The task —
What do the entries below say? Restate them word for word.

Recorded data
((
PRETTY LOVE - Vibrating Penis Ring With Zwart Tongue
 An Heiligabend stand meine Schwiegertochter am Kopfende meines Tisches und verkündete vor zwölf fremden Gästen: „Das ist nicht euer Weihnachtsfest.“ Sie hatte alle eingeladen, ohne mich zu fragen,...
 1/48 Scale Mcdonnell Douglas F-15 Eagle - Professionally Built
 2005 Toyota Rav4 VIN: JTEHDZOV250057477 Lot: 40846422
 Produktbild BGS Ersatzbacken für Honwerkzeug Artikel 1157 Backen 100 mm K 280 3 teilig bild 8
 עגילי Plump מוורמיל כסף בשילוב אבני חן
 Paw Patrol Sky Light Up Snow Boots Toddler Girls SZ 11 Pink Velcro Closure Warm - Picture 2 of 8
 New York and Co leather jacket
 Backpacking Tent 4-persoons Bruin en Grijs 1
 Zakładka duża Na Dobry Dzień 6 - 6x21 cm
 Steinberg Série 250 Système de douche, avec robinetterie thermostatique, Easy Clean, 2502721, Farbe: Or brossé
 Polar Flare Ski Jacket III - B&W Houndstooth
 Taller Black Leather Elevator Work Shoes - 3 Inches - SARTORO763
))
Exercise result —
PRETTY LOVE - Vibrating Penis Ring With Zwart Tongue
 An Heiligabend stand meine Schwiegertochter am Kopfende meines Tisches und verkündete vor zwölf fremden Gästen: „Das ist nicht euer Weihnachtsfest.“ Sie hatte alle eingeladen, ohne mich zu fragen,...
 1/48 Scale Mcdonnell Douglas F-15 Eagle - Professionally Built
 2005 Toyota Rav4 VIN: JTEHDZOV250057477 Lot: 40846422
 Produktbild BGS Ersatzbacken für Honwerkzeug Artikel 1157 Backen 100 mm K 280 3 teilig bild 8
 עגילי Plump מוורמיל כסף בשילוב אבני חן
 Paw Patrol Sky Light Up Snow Boots Toddler Girls SZ 11 Pink Velcro Closure Warm - Picture 2 of 8
 New York and Co leather jacket
 Backpacking Tent 4-persoons Bruin en Grijs 1
 Zakładka duża Na Dobry Dzień 6 - 6x21 cm
 Steinberg Série 250 Système de douche, avec robinetterie thermostatique, Easy Clean, 2502721, Farbe: Or brossé
 Polar Flare Ski Jacket III - B&W Houndstooth
 Taller Black Leather Elevator Work Shoes - 3 Inches - SARTORO763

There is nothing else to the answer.